▶ EXERCISE
Look through the records below for the line with "LED Prigušiva žarulja" and the line with "Ekstern batteri HOCO", then return those lines and all lines between, exactly.

▶ PROVIDED MATERIAL
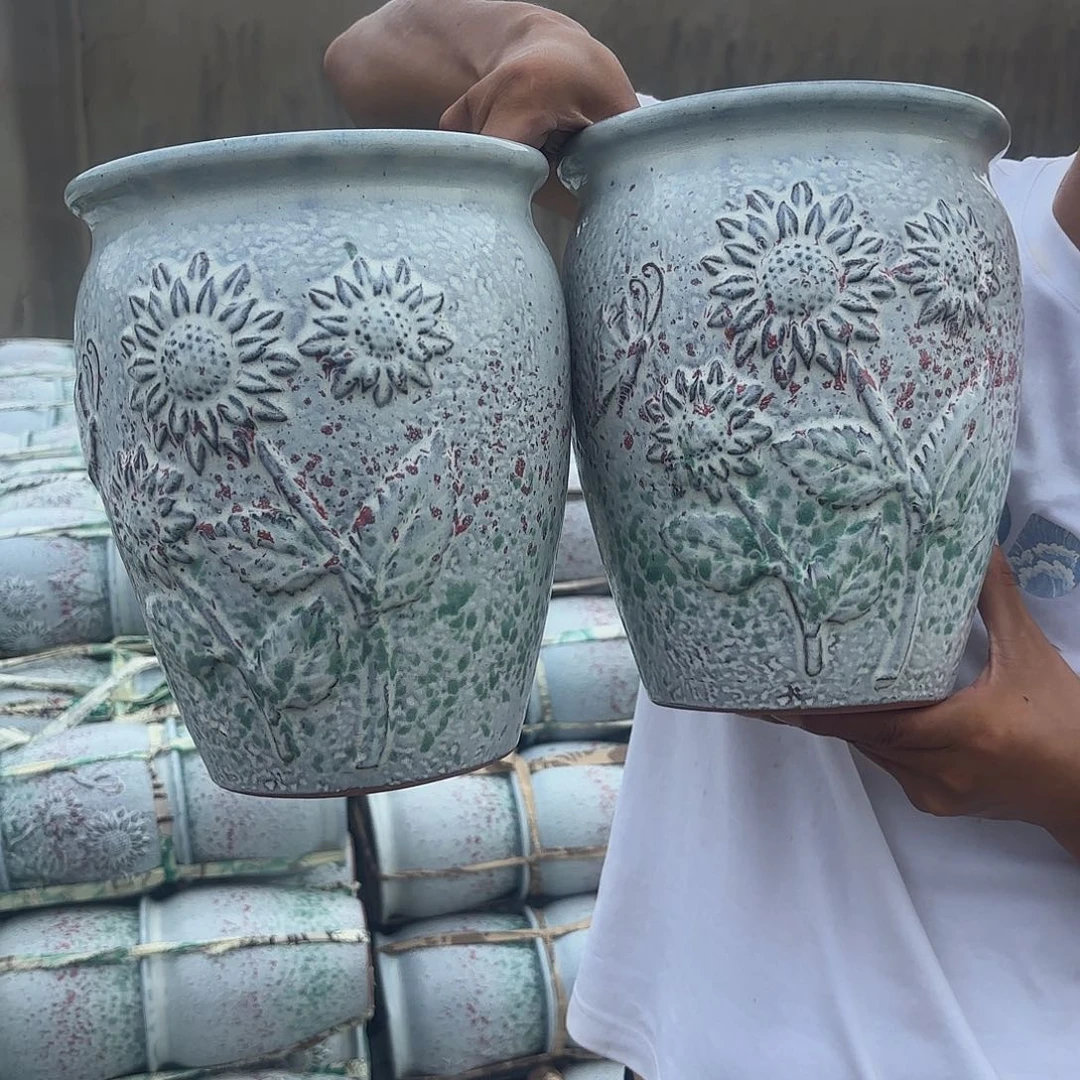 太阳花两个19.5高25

--

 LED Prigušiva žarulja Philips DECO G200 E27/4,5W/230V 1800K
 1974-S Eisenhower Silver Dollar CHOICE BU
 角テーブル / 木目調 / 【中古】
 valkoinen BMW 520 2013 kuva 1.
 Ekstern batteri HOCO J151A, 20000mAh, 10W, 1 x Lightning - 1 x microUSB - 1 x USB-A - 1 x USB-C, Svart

...

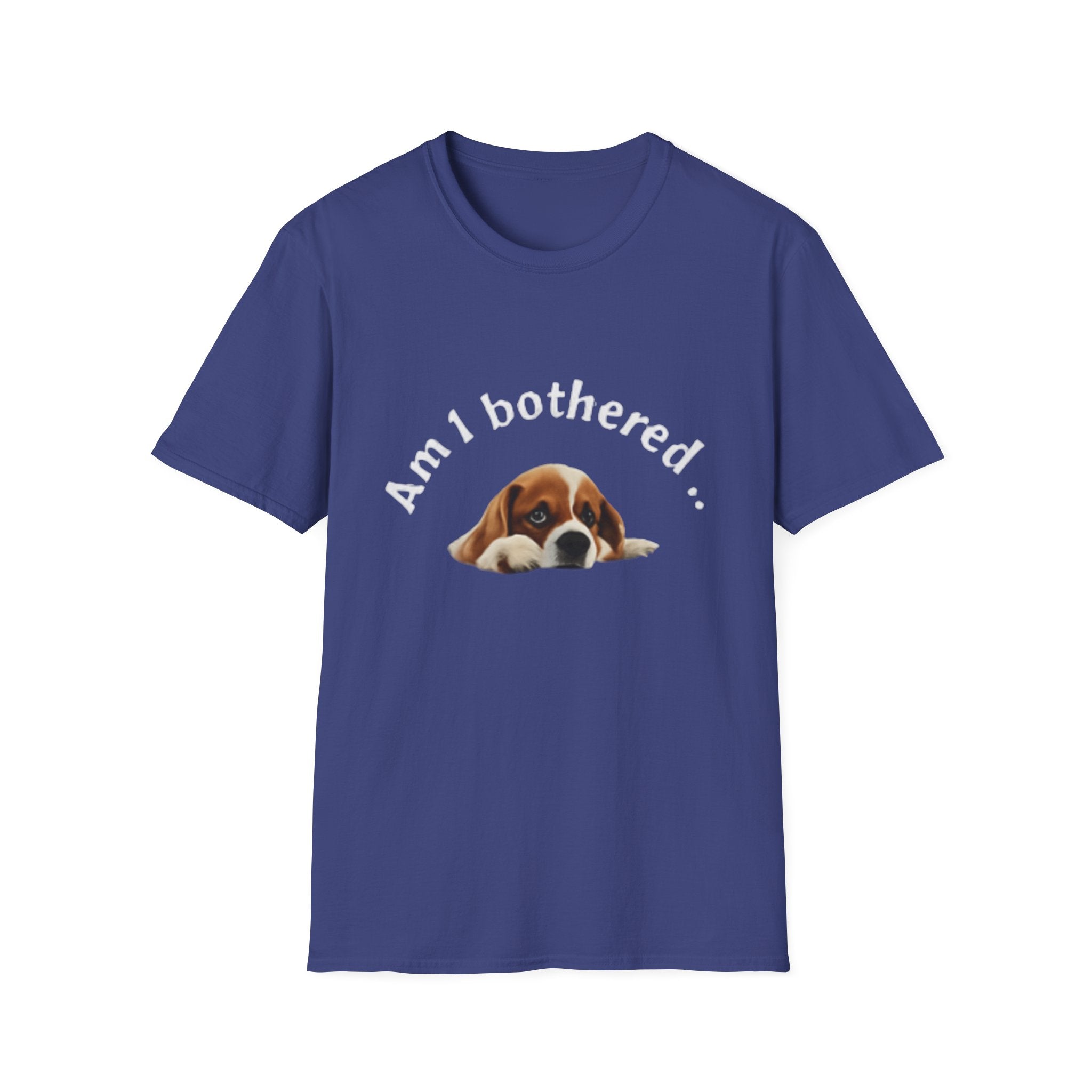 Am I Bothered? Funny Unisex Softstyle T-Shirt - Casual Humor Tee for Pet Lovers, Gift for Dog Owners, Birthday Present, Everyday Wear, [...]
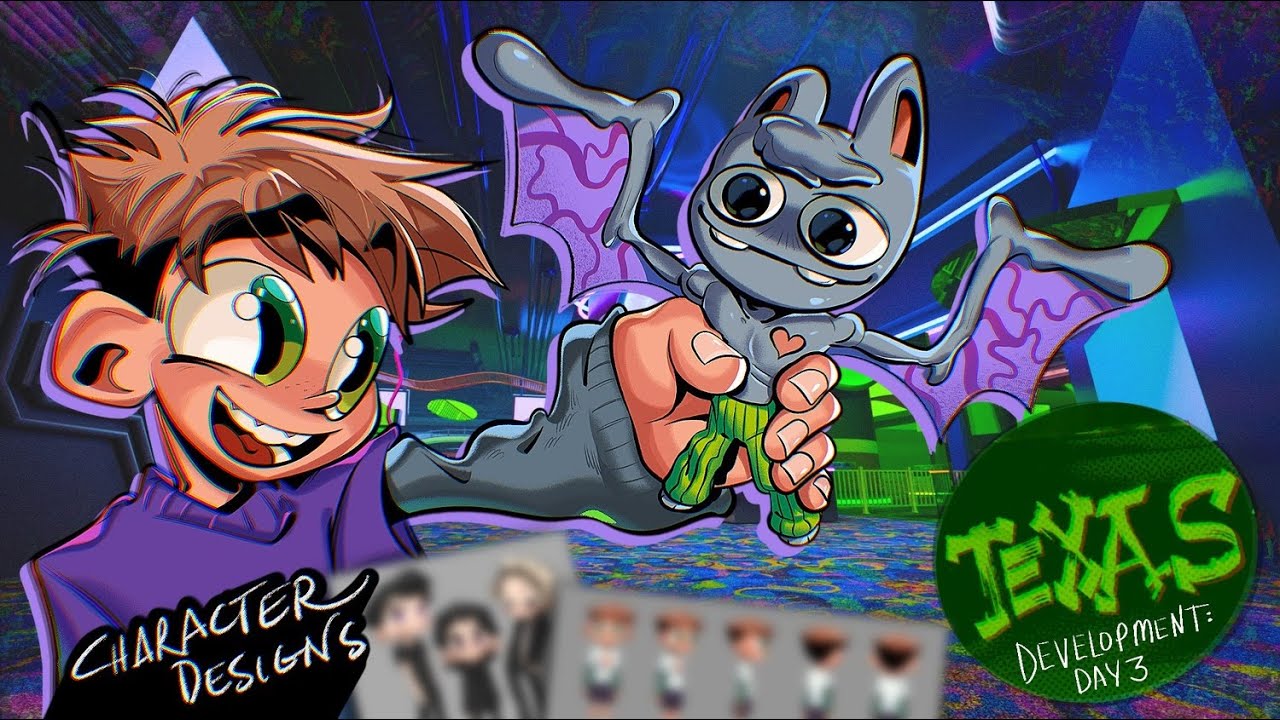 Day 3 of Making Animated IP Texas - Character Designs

▶ RESPONSE
 LED Prigušiva žarulja Philips DECO G200 E27/4,5W/230V 1800K
 1974-S Eisenhower Silver Dollar CHOICE BU
 角テーブル / 木目調 / 【中古】
 valkoinen BMW 520 2013 kuva 1.
 Ekstern batteri HOCO J151A, 20000mAh, 10W, 1 x Lightning - 1 x microUSB - 1 x USB-A - 1 x USB-C, Svart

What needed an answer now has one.